E ressaltou: “O futuro não pertence nem aos velhos cardeais, nem aos velhos políticos, nem aos velhos magistrados, nem aos velhos policiais. O futuro pertence à jovem burguesia, que não precisa mais dos instrumentos clássicos para deter o poder; que não sabe mais o que fazer com uma Igreja já exaurida pelo fato de pertencer àquele mundo humanista do passado, que constitui um obstáculo à nova revolução industrial. O novo poder burguês, de fato, requer dos consumidores um espírito totalmente pragmático e hedonista: só num universo tecnicista e puramente terreno o ciclo da produção e do consumo pode se realizar segundo sua própria natureza. Para a religião, e sobretudo para a Igreja, não há mais espaço”.[ix]
Em março de 1974, noutro artigo publicado na revista Dramma, intitulado “Os intelectuais em 68: maniqueísmo e ortodoxia da ‘Revolução do dia seguinte’”, Pasolini ressaltou o surgimento de “uma nova forma de civilização e um longo futuro de “desenvolvimento” programado pelo Capital”. Para ele o neocapitalismo “realizava sua própria revolução interna, a revolução da Ciência Aplicada” – isto é, Pasolini, inconscientemente, fez referência àquilo que Marx denominou “grande indústria” caracterizada pela dominância da mais-valia relativa e da subsunção real do trabalho ao capital.
Karl Marx considerava a grande indústria como sendo a “revolução completa (que se aprofunda e renova constantemente) no próprio modo de produção capitalista, na produtividade do trabalho e na relação de capitalista e trabalhador.”[x] Esta “revolução da Ciência Aplicada”[xi] para Pasolini era igualável em importância à “Primeira Semeadura, sobre a qual se fundou a milenária civilização camponesa”[xii]. O capital fundava assim, uma nova forma de civilização que para ele, estava perdendo “qualquer esperança de Revolução operária”.

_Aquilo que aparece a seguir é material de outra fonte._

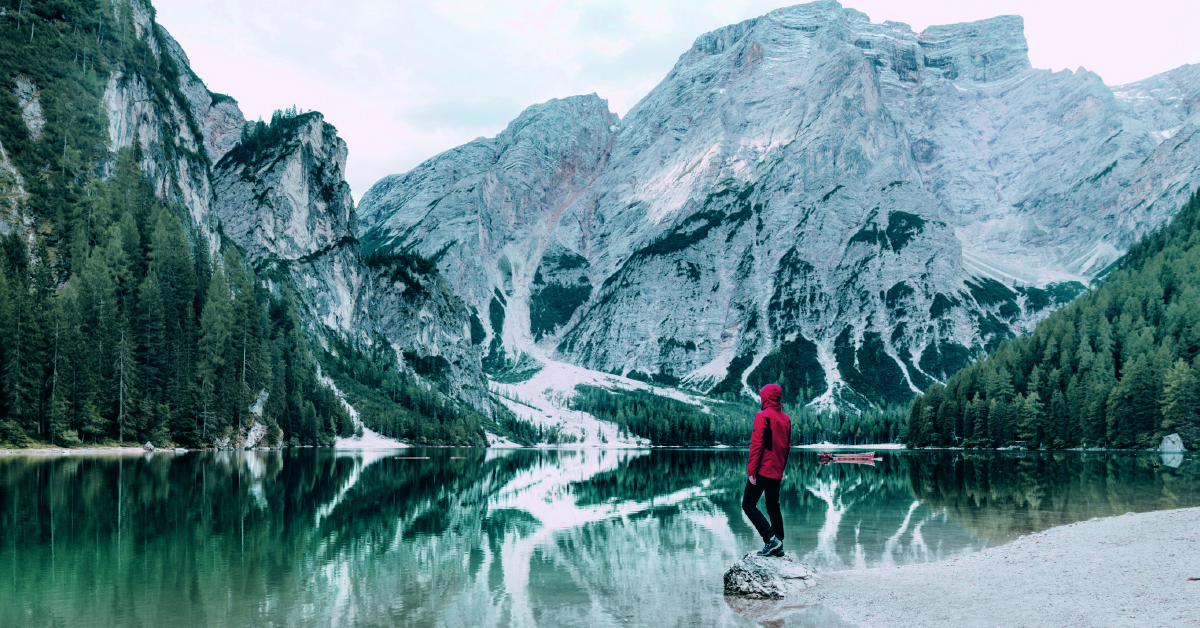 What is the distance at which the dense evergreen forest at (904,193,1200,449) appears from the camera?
115062 mm

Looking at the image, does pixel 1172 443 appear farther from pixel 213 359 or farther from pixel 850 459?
pixel 213 359

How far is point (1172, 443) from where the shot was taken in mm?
108438

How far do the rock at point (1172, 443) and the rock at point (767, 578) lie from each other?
11441 cm

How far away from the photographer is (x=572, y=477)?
Answer: 84750 mm

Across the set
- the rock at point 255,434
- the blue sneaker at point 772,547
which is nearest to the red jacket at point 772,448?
the blue sneaker at point 772,547

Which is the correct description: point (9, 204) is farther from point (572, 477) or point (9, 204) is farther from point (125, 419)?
point (572, 477)

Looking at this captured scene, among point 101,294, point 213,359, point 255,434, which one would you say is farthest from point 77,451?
point 255,434

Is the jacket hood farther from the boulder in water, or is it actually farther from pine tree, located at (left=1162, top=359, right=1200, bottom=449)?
pine tree, located at (left=1162, top=359, right=1200, bottom=449)

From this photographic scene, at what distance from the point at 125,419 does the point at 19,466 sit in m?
34.5

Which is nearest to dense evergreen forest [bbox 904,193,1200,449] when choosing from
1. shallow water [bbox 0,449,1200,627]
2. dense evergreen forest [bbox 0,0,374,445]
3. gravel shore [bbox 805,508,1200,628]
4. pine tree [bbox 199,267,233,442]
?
shallow water [bbox 0,449,1200,627]

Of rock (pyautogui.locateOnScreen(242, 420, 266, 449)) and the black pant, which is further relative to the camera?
rock (pyautogui.locateOnScreen(242, 420, 266, 449))

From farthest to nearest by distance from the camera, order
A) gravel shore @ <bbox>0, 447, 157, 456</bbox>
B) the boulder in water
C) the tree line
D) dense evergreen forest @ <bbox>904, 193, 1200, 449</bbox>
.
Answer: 1. the boulder in water
2. dense evergreen forest @ <bbox>904, 193, 1200, 449</bbox>
3. the tree line
4. gravel shore @ <bbox>0, 447, 157, 456</bbox>

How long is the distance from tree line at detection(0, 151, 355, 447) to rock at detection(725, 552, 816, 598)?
284 feet

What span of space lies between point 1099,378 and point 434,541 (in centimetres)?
13051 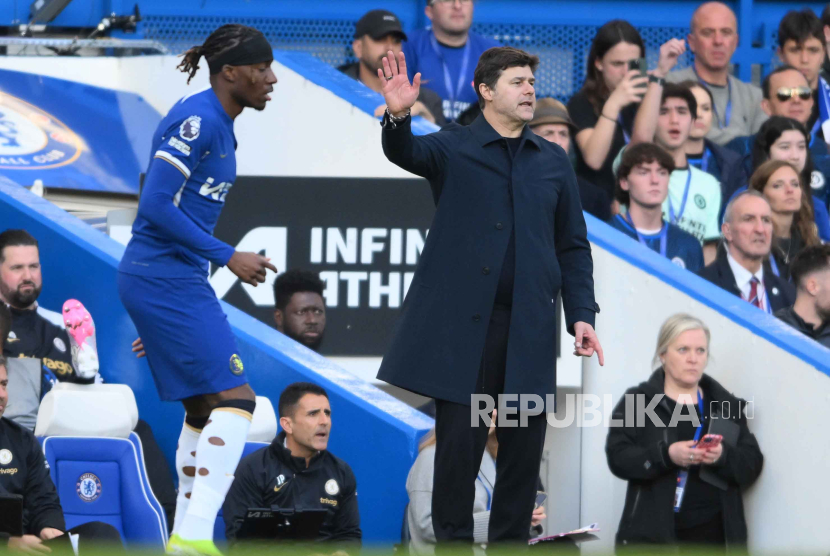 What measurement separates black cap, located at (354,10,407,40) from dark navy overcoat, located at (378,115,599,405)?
419cm

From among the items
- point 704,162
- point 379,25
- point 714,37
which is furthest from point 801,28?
point 379,25

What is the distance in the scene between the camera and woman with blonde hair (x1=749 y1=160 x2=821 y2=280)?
7602 millimetres

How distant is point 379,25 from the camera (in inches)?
316

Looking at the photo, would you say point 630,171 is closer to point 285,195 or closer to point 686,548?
point 285,195

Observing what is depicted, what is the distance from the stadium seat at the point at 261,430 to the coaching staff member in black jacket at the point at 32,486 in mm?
635

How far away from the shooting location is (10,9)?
30.8 feet

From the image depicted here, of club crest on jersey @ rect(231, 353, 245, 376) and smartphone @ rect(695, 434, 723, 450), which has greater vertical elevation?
club crest on jersey @ rect(231, 353, 245, 376)

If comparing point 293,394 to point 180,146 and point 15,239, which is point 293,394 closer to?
point 180,146

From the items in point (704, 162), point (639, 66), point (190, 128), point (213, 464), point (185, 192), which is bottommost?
point (213, 464)

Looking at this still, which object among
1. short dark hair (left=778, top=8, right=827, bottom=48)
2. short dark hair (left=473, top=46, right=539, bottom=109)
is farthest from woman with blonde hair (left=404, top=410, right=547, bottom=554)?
short dark hair (left=778, top=8, right=827, bottom=48)

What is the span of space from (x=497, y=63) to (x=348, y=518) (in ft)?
7.19

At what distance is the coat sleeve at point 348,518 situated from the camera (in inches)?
206

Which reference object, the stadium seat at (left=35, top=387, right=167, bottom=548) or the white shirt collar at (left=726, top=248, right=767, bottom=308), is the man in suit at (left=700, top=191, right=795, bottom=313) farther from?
the stadium seat at (left=35, top=387, right=167, bottom=548)

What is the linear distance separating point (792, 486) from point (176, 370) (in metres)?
2.79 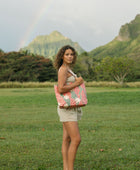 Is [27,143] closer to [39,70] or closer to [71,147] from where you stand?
[71,147]

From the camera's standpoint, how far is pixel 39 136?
7.36 meters

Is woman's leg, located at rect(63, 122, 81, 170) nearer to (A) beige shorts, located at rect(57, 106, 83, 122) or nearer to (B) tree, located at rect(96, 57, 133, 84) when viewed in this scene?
(A) beige shorts, located at rect(57, 106, 83, 122)

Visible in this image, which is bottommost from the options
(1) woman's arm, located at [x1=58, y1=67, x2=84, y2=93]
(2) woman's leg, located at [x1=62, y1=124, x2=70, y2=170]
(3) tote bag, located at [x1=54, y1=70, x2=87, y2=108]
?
(2) woman's leg, located at [x1=62, y1=124, x2=70, y2=170]

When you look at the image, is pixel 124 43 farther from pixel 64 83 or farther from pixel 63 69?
pixel 64 83

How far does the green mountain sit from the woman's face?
133 metres

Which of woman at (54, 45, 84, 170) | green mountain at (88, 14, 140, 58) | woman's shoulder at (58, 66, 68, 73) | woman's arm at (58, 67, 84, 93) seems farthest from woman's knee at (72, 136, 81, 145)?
green mountain at (88, 14, 140, 58)

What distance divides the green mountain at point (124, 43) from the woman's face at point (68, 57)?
133179mm

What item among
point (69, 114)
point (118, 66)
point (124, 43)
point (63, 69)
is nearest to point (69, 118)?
point (69, 114)

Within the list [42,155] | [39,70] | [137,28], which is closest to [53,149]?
[42,155]

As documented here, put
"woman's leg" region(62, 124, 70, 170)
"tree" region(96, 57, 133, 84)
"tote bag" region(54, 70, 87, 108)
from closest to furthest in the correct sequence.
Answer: "tote bag" region(54, 70, 87, 108) < "woman's leg" region(62, 124, 70, 170) < "tree" region(96, 57, 133, 84)

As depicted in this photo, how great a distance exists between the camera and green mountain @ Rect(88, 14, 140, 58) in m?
145

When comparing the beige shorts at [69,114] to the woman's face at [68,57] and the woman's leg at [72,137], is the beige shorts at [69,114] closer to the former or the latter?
the woman's leg at [72,137]

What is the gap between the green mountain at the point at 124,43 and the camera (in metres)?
145

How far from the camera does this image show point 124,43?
164 metres
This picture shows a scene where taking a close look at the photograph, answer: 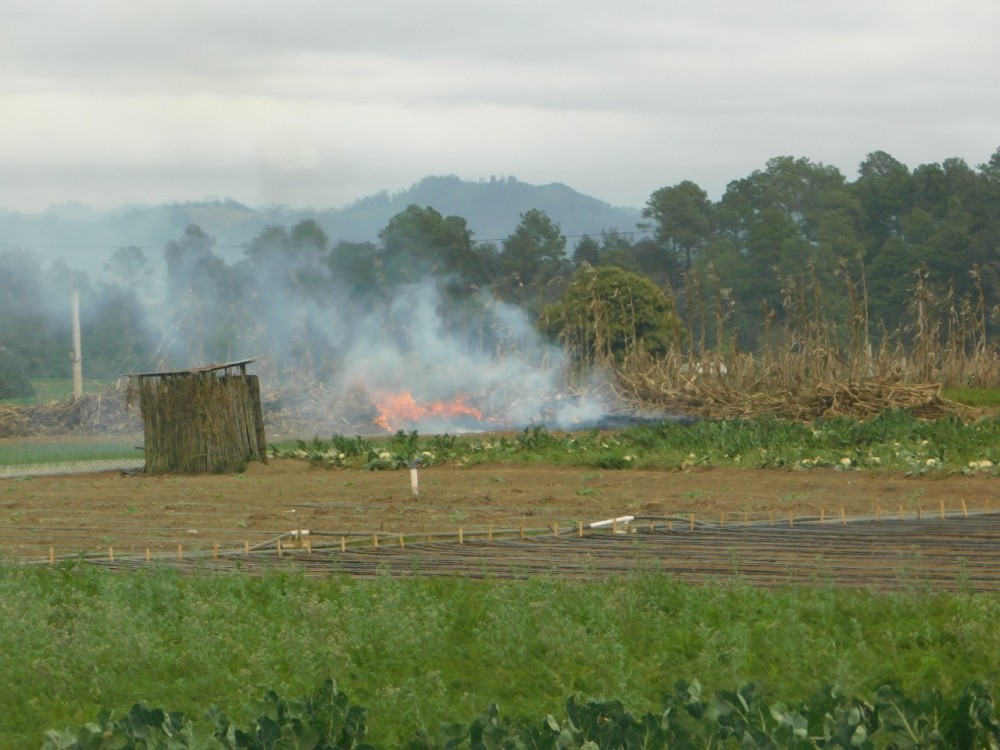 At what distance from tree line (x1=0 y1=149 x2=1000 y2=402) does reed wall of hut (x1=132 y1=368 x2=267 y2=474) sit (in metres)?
12.0

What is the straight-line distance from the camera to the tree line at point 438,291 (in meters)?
36.8

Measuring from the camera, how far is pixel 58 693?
8070mm

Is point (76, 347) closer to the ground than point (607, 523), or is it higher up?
higher up

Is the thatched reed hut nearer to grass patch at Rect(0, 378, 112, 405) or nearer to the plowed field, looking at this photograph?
the plowed field

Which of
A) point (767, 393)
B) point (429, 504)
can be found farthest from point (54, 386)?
point (429, 504)

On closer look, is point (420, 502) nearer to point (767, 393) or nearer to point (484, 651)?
point (484, 651)

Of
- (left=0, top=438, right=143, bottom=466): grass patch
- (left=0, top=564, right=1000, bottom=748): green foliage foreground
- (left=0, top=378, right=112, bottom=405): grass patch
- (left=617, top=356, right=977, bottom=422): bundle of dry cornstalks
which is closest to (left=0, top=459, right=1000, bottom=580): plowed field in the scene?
(left=0, top=564, right=1000, bottom=748): green foliage foreground

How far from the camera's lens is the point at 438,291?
40906 millimetres

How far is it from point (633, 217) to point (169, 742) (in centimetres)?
17854

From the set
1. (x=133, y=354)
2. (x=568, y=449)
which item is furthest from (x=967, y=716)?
(x=133, y=354)

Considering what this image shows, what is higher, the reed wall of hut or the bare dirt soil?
the reed wall of hut

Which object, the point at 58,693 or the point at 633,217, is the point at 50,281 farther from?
the point at 633,217

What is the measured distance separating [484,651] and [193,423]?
1521cm

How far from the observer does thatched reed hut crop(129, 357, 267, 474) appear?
2288 cm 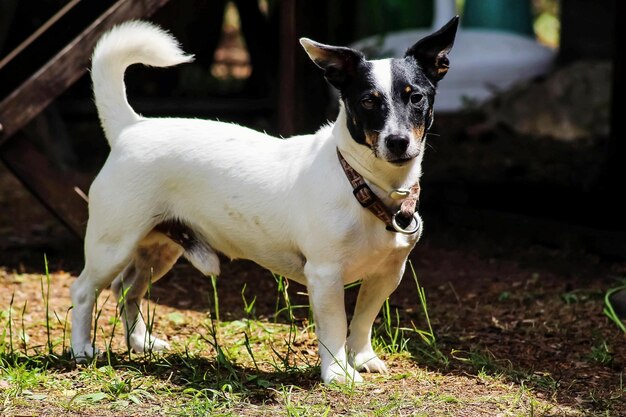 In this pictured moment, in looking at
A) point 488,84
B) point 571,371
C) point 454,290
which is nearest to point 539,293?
point 454,290

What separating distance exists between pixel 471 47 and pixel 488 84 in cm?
41

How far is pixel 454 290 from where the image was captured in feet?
18.5

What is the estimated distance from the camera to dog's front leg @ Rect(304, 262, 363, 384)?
387 centimetres

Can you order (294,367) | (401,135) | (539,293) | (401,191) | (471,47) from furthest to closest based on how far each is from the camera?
(471,47) < (539,293) < (294,367) < (401,191) < (401,135)

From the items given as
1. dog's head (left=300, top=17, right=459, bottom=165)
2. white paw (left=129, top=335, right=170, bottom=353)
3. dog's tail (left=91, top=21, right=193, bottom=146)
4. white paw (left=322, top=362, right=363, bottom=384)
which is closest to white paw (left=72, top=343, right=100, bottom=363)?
white paw (left=129, top=335, right=170, bottom=353)

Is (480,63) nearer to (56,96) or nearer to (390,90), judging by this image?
(56,96)

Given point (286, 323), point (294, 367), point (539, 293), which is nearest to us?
point (294, 367)

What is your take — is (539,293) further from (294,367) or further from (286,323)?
(294,367)

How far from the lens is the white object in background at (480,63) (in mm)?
10172

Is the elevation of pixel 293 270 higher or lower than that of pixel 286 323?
higher

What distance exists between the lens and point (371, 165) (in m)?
3.82

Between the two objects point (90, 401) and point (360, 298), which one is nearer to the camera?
point (90, 401)

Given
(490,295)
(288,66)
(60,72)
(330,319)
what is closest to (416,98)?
(330,319)

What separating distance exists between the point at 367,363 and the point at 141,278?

Diz ele: “É por isso que se gritou tanto a palavra Revolução. Mais ainda, pois já era clara não só a impossibilidade de uma dialética, quanto até mesmo a impossibilidade de definir a comensurabilidade entre capitalismo tecnológico e marxismo humanista”.[xiii] Pasolini era deveras pessimista face o novo curso histórico do capitalismo e do seu “desenvolvimento” – isto é, o consumismo, o bem-estar e a ideologia hedonista do poder.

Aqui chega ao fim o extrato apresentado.